=== Directions ===
Copying starts at the line containing "Lip balm with" and stops after the last line of the records; each line is repeated exactly, and pictures are skipped.

[Captioned web images]
^^^^

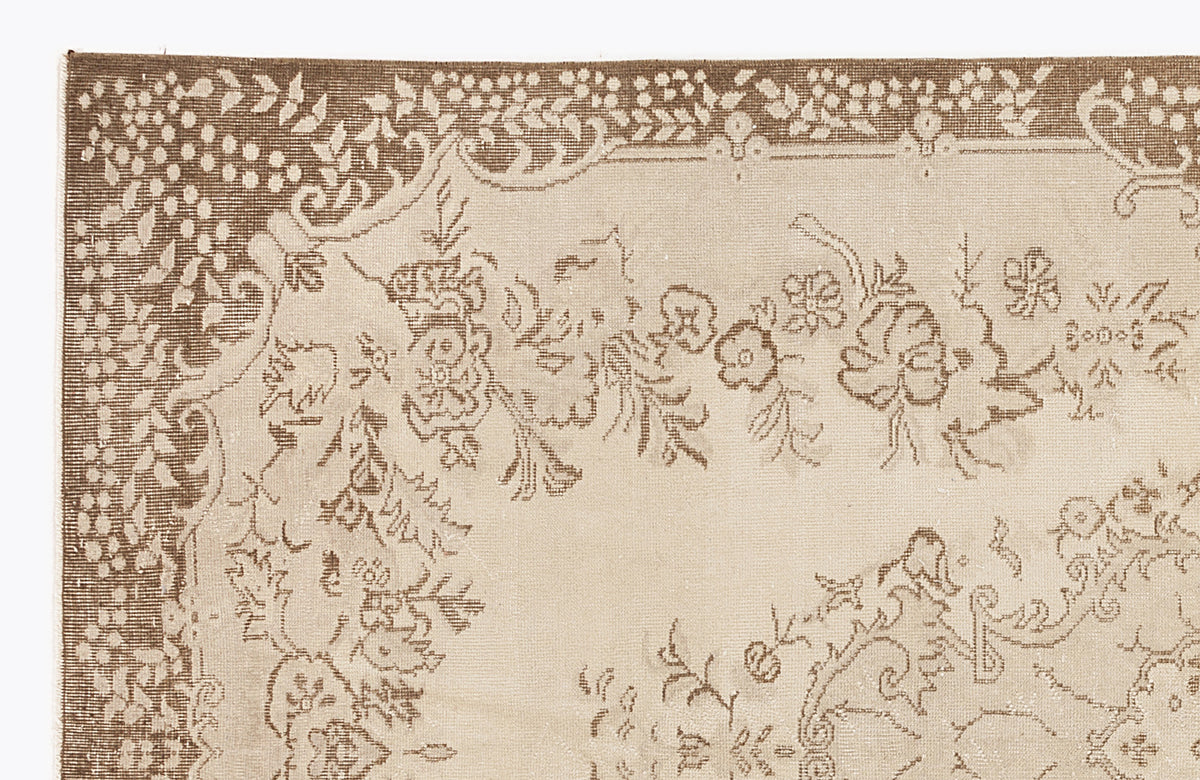 Beige and brown rug with a traditional floral border and central botanical motif on a white background.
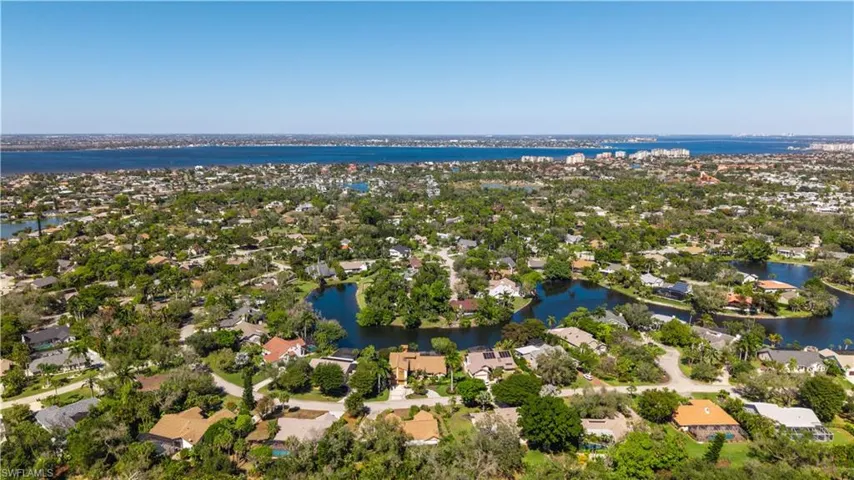 Aerial perspective of suburban area with a nearby body of water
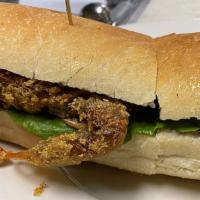 Soft Shell Crab Po'Boy · 2 jumbo soft shell crabs dusted in seasoned cornmeal, fried crisp, dressed with Remoulade sa...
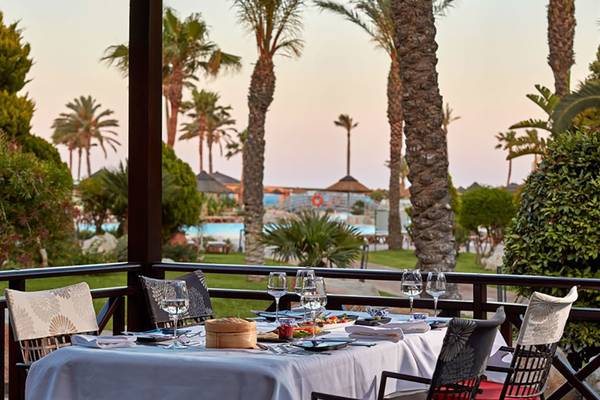 Terrasse mit Tisch und Blick auf Palmen und eine Poollandschaft im Atlantica Aegean Blue Resort.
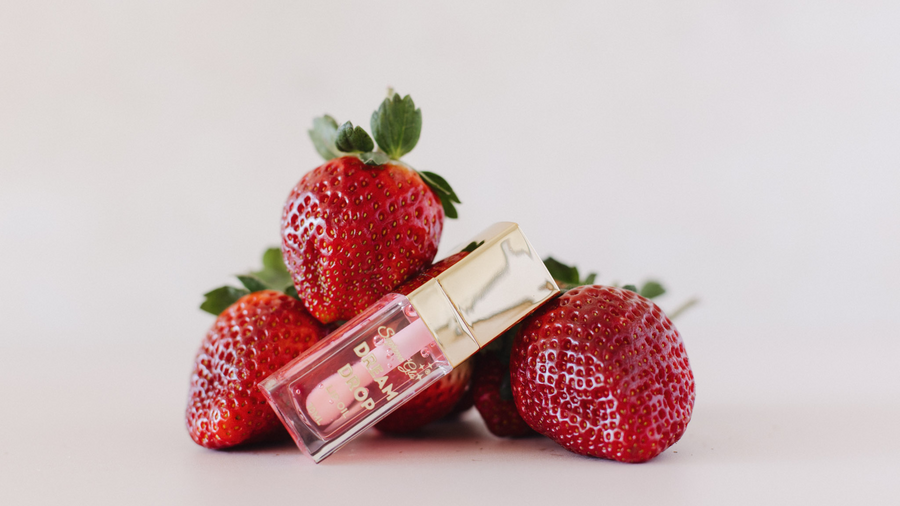 Lip balm with pink shade on strawberries against a white background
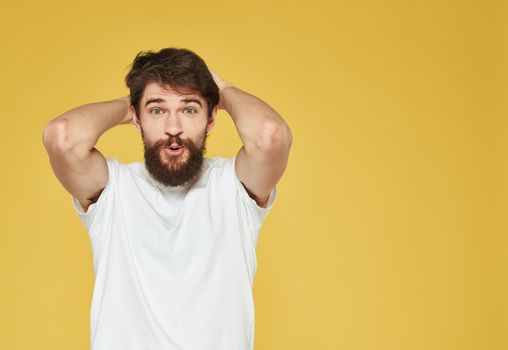 Portrait of a man on a yellow background gesturing with his hands emotions yellow background Copy Space. High quality photo
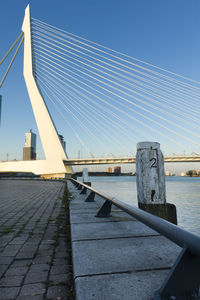 Bridge over river against blue sky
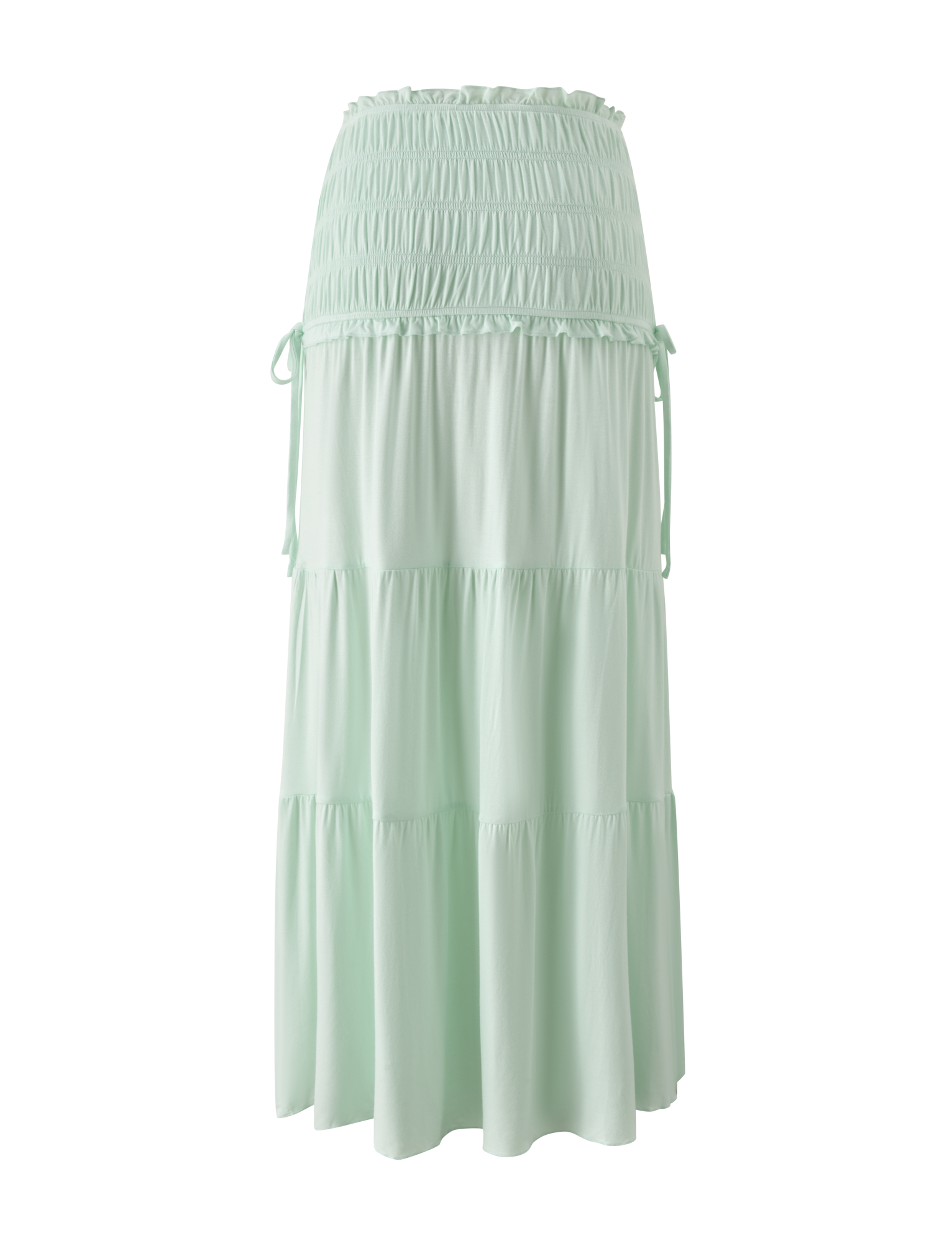 The DENALI MAXI SKIRT - SOFT MINT by TIGERMIST is a flowy modal maxi skirt with a wide shirred waistband, tiered silhouette, subtle ruffles, and side ties.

^^^^

=== Output below ===
 Lip balm with pink shade on strawberries against a white background
 Portrait of a man on a yellow background gesturing with his hands emotions yellow background Copy Space. High quality photo
 Bridge over river against blue sky
 The DENALI MAXI SKIRT - SOFT MINT by TIGERMIST is a flowy modal maxi skirt with a wide shirred waistband, tiered silhouette, subtle ruffles, and side ties.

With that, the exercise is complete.